» Task material:
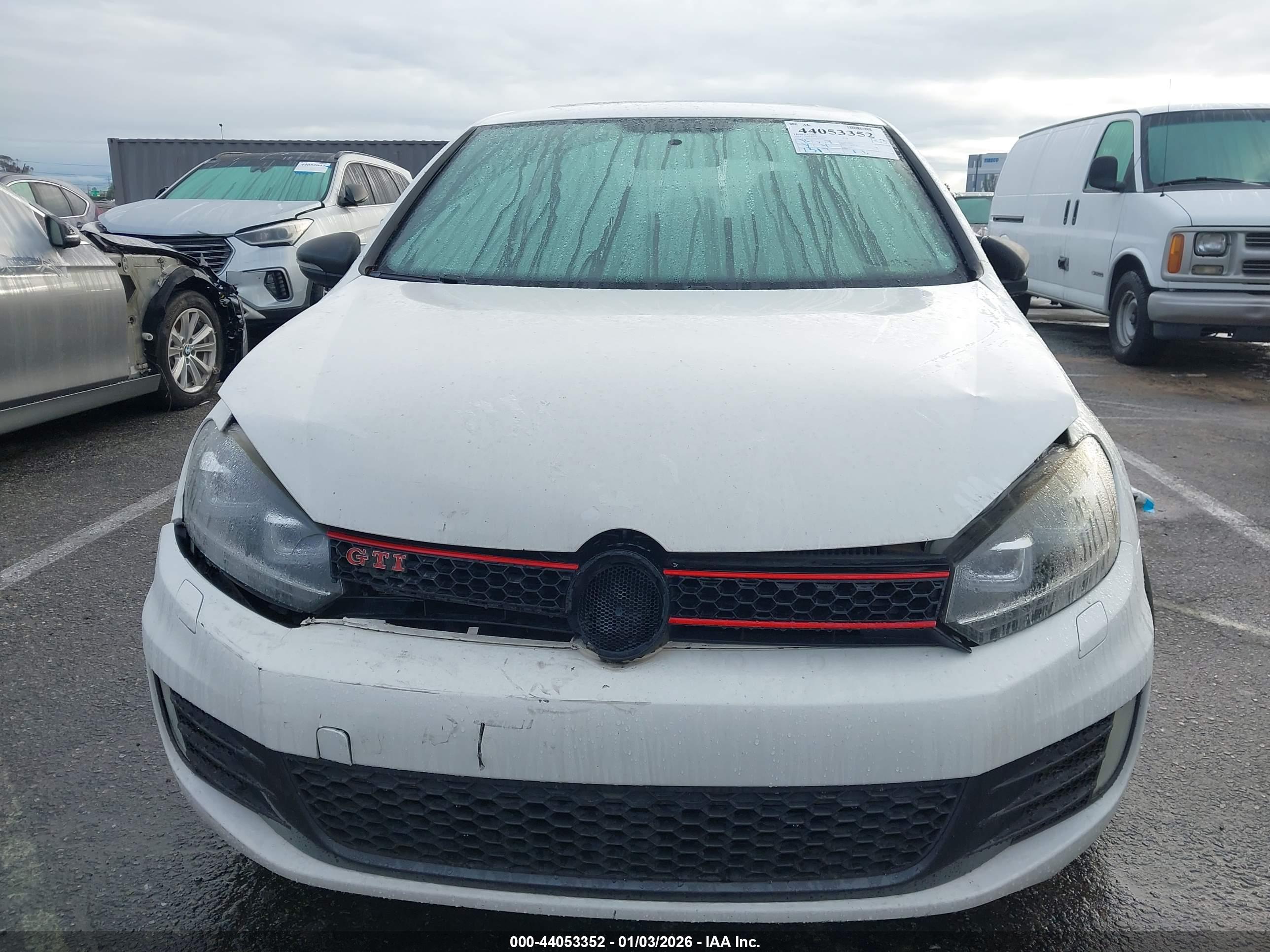 VOLKSWAGEN GTI image 6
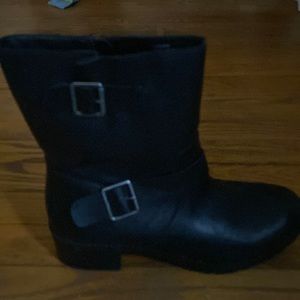 Black boots with buckle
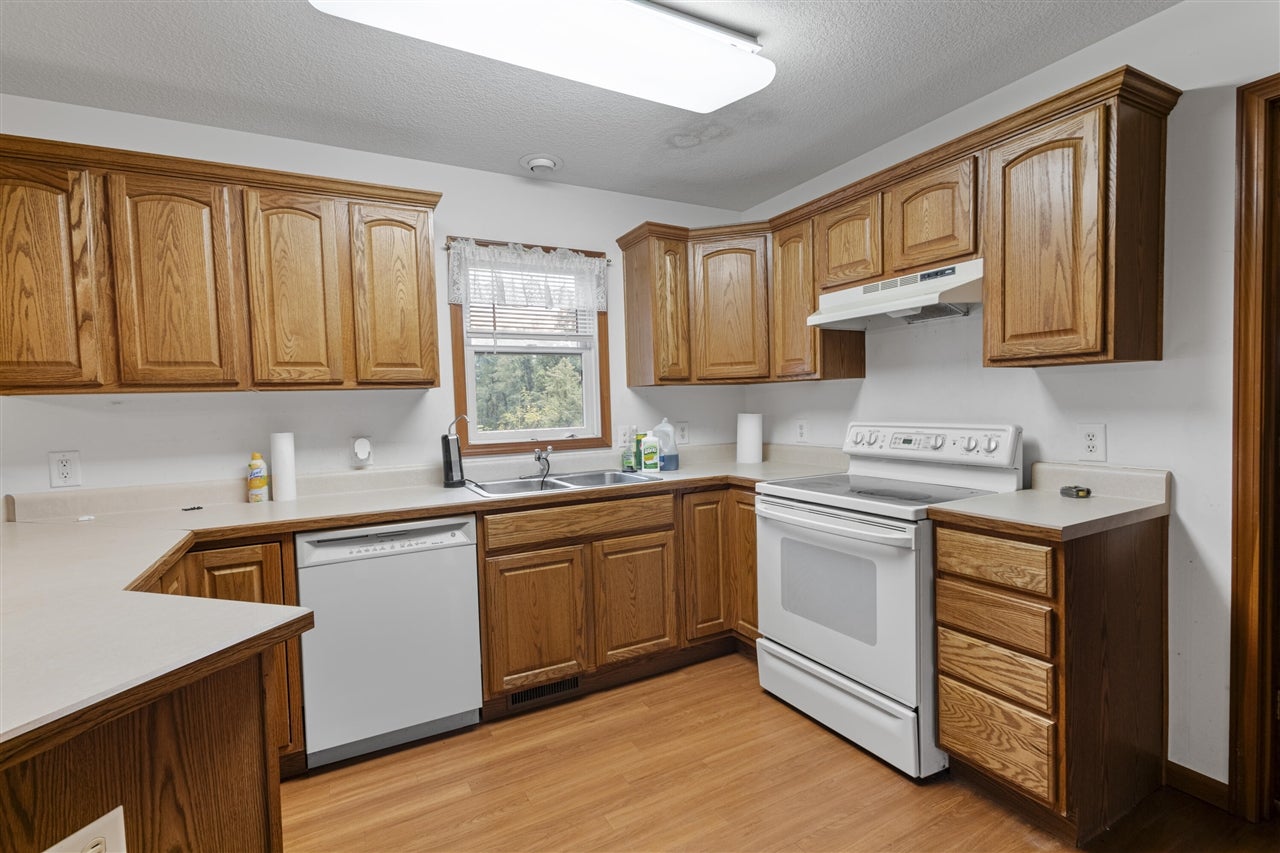 1152 Burbank Road Quincy, MI 49082 - Photo 11 of 34 Gallery Image 11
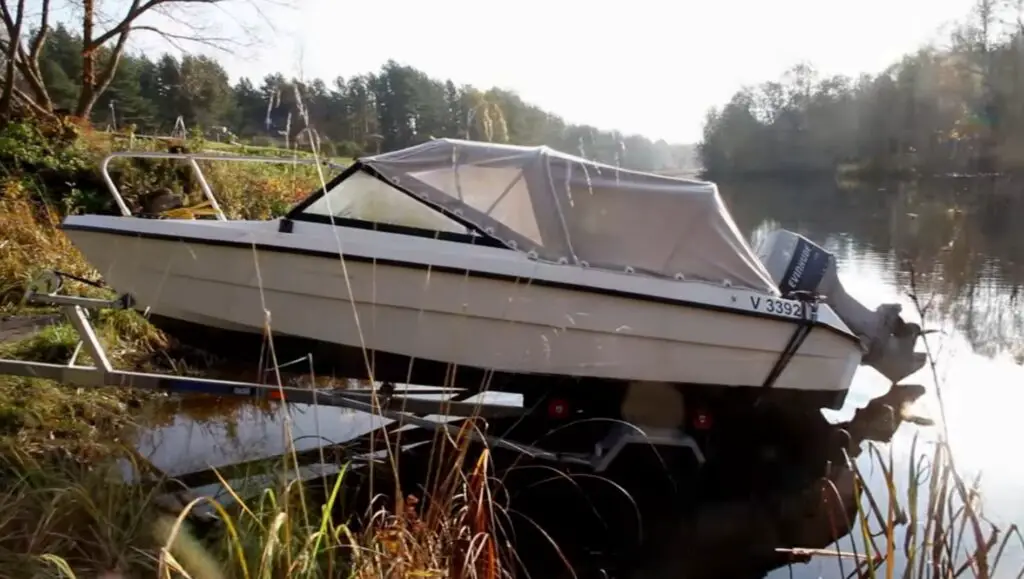 With a full tank of gas and a sense of adventure, I set out on the open road, my UTV towing the boat behind me with ease.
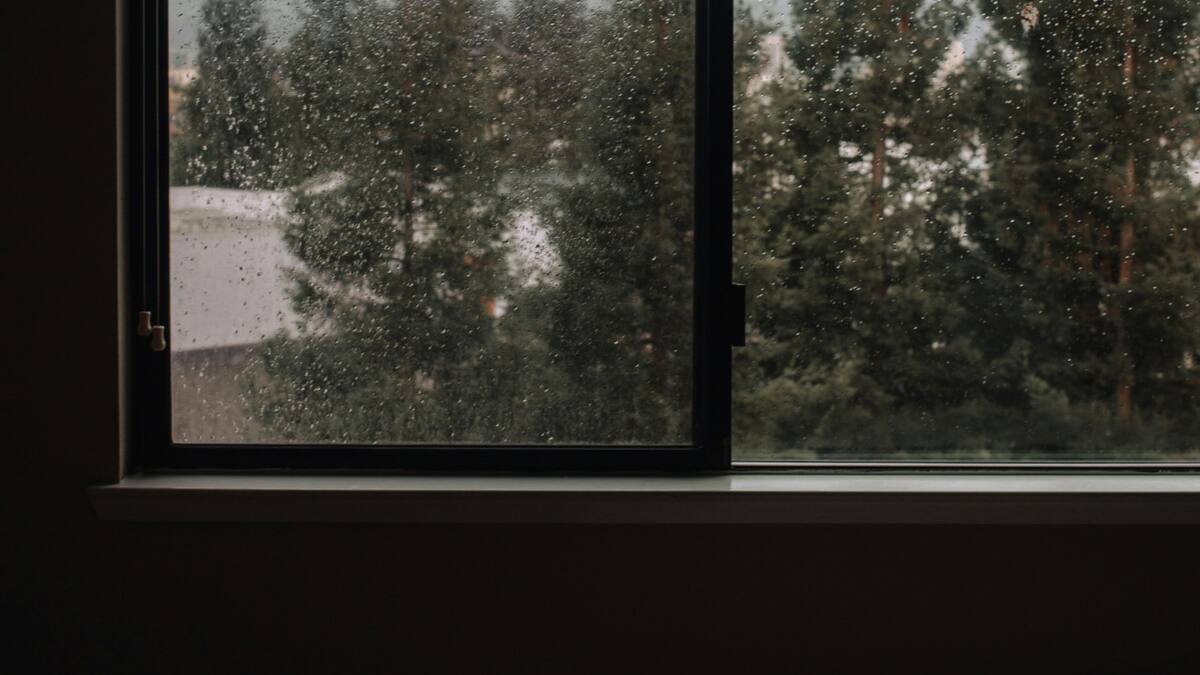 Días de lluvia en casa. Foto: Unsplash.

» About this task: Please print the material exactly as given above, omitting the pictures.

» Task output:
 VOLKSWAGEN GTI image 6
 Black boots with buckle
 1152 Burbank Road Quincy, MI 49082 - Photo 11 of 34 Gallery Image 11
 With a full tank of gas and a sense of adventure, I set out on the open road, my UTV towing the boat behind me with ease.
 Días de lluvia en casa. Foto: Unsplash.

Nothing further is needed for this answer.